I see them everywhere… on my computer, on billboards, in the pages of magazines and on my TV screen… dead celebrities drinking champagne and dancing with vacuum cleaners and driving cars that came out decades after they were rotting in their graves.

It’s easy to see why advertisers want dead people to endorse them. Dead people are safe: they’re known quantities. It’s unlikely an ad campaign will get torpedoed by new revelations or scandals. They’ll never be accused of sexually assaulting a waitress in their hotel room or getting addicted to prescription pain killers. And even if we did find out something juicy and new about James Dean or Marilyn Monroe or Steve McQueen, would it hurt their image or just add to their mystique?
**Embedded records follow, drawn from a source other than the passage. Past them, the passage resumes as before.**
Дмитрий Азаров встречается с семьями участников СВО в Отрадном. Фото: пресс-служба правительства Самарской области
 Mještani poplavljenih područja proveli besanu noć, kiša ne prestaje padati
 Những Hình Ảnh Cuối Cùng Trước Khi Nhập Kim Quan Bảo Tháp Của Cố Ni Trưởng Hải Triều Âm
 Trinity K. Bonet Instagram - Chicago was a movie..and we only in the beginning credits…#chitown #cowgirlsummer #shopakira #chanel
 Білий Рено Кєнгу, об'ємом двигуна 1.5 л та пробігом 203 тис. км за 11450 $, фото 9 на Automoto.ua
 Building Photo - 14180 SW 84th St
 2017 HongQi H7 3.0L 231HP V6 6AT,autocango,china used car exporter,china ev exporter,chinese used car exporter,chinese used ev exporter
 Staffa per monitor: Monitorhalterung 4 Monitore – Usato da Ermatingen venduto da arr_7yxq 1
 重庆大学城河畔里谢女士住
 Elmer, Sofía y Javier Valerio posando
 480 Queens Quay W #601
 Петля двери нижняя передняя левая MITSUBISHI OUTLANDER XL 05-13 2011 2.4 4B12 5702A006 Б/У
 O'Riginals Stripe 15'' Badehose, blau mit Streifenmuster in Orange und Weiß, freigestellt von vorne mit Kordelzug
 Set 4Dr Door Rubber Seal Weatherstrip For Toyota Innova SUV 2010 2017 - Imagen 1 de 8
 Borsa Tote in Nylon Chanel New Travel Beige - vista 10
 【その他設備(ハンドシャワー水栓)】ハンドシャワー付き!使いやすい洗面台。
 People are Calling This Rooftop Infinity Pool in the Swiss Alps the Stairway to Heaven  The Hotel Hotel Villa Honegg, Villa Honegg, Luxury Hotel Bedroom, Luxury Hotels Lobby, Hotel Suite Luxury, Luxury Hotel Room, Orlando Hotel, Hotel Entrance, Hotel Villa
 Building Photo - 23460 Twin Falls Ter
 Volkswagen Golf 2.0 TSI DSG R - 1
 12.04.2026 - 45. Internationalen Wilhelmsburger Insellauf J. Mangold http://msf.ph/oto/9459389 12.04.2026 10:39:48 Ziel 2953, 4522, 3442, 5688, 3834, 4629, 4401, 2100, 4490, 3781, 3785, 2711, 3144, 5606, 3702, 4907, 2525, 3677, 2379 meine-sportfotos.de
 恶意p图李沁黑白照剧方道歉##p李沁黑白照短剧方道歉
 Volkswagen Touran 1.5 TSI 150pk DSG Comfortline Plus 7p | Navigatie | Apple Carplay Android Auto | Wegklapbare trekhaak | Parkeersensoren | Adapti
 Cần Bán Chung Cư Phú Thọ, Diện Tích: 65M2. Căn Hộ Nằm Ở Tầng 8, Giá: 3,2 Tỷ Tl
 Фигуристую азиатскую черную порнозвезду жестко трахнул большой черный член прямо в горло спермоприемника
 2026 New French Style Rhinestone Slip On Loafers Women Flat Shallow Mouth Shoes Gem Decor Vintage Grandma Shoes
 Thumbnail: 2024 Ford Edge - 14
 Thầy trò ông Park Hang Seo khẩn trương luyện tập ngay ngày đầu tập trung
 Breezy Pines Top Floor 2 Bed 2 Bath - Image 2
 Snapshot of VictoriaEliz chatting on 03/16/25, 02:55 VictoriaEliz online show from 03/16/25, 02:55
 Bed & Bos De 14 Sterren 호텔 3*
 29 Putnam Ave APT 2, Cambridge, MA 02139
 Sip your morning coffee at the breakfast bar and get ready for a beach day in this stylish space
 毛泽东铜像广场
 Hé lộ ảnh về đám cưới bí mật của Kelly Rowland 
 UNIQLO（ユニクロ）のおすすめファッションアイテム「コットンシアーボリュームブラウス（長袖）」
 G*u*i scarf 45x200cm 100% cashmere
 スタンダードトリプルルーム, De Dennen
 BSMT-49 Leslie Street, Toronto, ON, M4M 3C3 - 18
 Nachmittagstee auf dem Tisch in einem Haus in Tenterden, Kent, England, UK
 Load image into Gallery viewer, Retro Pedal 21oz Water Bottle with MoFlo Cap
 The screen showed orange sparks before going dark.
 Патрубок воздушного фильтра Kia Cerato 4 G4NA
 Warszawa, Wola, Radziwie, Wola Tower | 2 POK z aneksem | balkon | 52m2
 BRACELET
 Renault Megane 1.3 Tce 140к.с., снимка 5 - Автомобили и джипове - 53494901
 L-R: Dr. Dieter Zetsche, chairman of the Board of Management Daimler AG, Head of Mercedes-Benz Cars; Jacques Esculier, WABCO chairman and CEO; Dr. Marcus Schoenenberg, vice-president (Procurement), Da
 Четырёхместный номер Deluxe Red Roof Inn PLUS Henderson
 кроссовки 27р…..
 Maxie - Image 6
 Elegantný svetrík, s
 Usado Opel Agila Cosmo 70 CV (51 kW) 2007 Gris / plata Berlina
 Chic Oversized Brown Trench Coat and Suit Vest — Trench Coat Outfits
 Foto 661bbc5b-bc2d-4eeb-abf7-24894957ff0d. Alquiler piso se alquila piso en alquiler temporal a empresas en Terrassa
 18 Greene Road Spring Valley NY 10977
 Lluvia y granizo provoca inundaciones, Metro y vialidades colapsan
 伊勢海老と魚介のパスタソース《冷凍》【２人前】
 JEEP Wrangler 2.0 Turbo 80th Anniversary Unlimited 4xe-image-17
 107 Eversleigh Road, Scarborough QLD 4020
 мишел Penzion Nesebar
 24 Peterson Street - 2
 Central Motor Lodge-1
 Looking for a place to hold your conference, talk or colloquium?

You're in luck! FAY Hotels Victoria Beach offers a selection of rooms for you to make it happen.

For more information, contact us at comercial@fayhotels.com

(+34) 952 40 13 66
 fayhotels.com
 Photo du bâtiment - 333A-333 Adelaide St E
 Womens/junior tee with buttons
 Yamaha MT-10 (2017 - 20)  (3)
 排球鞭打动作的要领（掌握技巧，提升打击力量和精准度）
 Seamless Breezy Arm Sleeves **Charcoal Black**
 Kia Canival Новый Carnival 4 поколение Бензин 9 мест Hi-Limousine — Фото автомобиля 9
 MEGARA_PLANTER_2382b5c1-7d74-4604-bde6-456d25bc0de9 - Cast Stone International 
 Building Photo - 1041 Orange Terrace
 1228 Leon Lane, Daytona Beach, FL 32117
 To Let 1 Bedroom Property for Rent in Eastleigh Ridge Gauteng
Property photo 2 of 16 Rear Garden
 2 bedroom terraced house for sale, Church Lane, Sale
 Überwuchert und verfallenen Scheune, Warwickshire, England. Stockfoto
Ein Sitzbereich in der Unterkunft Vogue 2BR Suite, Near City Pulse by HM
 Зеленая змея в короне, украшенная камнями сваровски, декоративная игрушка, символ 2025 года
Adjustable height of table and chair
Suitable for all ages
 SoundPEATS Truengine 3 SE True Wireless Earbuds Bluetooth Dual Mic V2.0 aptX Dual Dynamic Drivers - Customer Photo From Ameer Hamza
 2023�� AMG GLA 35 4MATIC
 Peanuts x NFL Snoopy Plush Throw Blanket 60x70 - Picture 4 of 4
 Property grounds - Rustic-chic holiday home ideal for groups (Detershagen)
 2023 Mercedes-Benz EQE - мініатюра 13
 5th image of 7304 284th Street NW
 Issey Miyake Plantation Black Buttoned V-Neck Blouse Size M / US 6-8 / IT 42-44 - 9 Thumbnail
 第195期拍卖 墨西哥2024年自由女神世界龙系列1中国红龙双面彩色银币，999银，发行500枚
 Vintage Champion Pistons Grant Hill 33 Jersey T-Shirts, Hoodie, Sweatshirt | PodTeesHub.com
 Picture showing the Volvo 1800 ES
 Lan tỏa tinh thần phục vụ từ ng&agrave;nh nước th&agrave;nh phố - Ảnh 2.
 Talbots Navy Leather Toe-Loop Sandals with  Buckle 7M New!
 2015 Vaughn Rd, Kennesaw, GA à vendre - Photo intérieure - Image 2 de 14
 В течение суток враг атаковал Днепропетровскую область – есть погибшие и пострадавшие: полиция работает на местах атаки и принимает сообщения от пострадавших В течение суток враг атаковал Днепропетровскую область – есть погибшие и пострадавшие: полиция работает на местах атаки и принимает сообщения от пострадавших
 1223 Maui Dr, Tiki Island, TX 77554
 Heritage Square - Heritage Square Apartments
Dead celebrity endorsements are big business.

Einstein made $10 Million in 2009, according to Forbes latest annual list of top earning dead celebrities.  All the way back in the 2006 edition of the Forbes list, Corbis image licensing said Albert Einstein was their most requested person. As Tony Soprano might say, “Einstein is a good earner.” Of course, in his case, his earnings go to a good cause. The Hebrew University of Jerusalem gets the cash, including a share from Baby Einstein (Disney), although how would Albert have felt about their recent settlement for misleading claims of jump starting juvenile intelligence? Do you think he’d be proud that being a character in Night at the Museum ended up with him as part of a Happy Meal movie tie-in at McDonald’s?

If you want to hire a dead celebrity like Marilyn Monroe to sell your products, just click on over to the Legends Media Archive. You’ll find advertising-friendly images for dead celebs from John Belushi, Ingrid Bergman and Ty Cobb to Jackie Robinson, Mark Twain and Natalie Wood.

Live celebrities are no better. Some of them have even tarnished their reputations by becoming product hucksters. Are you old enough to remember when Orson Welles did commercials for Paul Masson wine: “We will sell no wine before its time.” More recently, we all had to cringe when Ed McMahon made a Cash4Gold commercial his last role.

But whether you think they sold out or not, it was their choice. Nobody forced them to make those commercials.

The dead can’t do that.

These dead celebrities have been stripped of their most basic right: the right to self-determination, to choose what they do or do not do. They are slaves to the choices of their estates, or of the people who own the copyright on their images.

Some cultures honor their dead. We exploit ours.

There’s nothing illegal about it, although the FTC is considering new regulations concerning celebrity endorsements, according to this blog post by Jonathan Faber, licensing expert and former president of “CMG Worldwide, Inc., whose clients include Marilyn Monroe, James Dean, Babe Ruth, Chuck Berry, Princess Diana…”

One of the proposed new rules is that “Advertisers should only use endorsements of celebrities if the advertiser believes that a celebrity subscribes to the views presented.” (Not a problem for the Marilyn Dom Perignon campaign, since it was her favorite champagne, or Steve McQueen driving a Ford Mustang, which he did famously in the 1968 cop classic, Bullitt.)

But this post isn’t about morality or legality. This post is about marketing.

The point of celebrity endorsement advertising is to make a connection between the celebrity’s persona, the product and the audience. If a celebrity swears by it, that’s good enough for me.

When done wrong, it can backfire. Who would believe that Paris Hilton ever ate at Carl’s Jr. or that Tiger Woods, one of the richest athletes in history and currently the top earning athlete endorser actually drives a Buick.

When done right, it can build a brand. When Brooke Shields said that nothing came between her and her Calvins, Calvin Klein became the must-have designer jean.

But what’s right about using a dead person to endorse your product? Does having David Spade talking to a now dead Chris Farley make you more likely to want to get Direct TV, or less? How many people went out and bought a Dirt Devil because some art director used special effects to force Fred Astaire to dance with one?

I know vampires and zombies are all the rage these days, but can someone please explain to me why anyone thinks a dead celebrity who never used a product can make a convincing sales pitch to the living?